The Organisation of Petroleum Exporting Countries (OPEC) has reported that Nigeria’s rig count increased by 20.8 per cent Year-on-Year (YoY), to 29 in the third quarter of this year from the 24 rigs recorded in the corresponding period of last year.
Rig count is a global index for measuring activities in the upstream sector of the global hydrocarbon resources industry,
According to the global oil cartel’s just published Monthly Oil Market Report (MOMR), for October, 2021, activity in Nigeria’s oil sector during quarter showed that in July it was at low ebb with just seven rigs in operation, but the rigs in operation rose to 11 in August and sustained the number in September.

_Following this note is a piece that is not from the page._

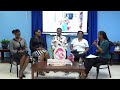 Midwifery Pannel Disscussion - 🌺 Midwives at the Heart of Care 🌺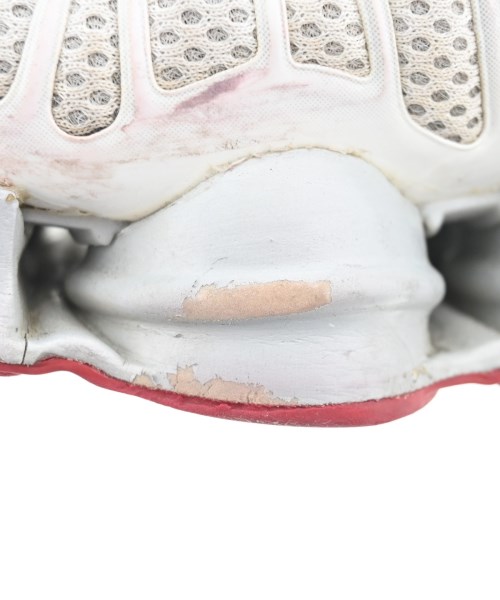 NIKE（ナイキ）スニーカー グレー サイズ:24.5cm レディース/2200677173016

In the report, OPEC puts Nigeria’s oil output at 1.239 million barrels per day, mb/d, excluding condensate, in the month of October 2021
In its fiscal 2022 projections, the Federal Government had proposed $57 per barrel and 1.8 mb/d benchmarks.
President Muhammadu Buhari had last week, while laying the 2021 Appropriation Bill at the joint session of the National Assembly, said that based on the 2022 to 2024 Medium Term Expenditure Framework and Fiscal Strategy Paper (MTEF-FSP) the executive proposed “oil price benchmark of 57 US Dollars per barrel; daily oil production estimate of 1.88 million barrels (inclusive of Condensates of 300,000 to 400,000 barrels per day); exchange rate of four 410.15 per US Dollar; and projected GDP growth rate of 4.2 percent and 13 percent inflation rate.”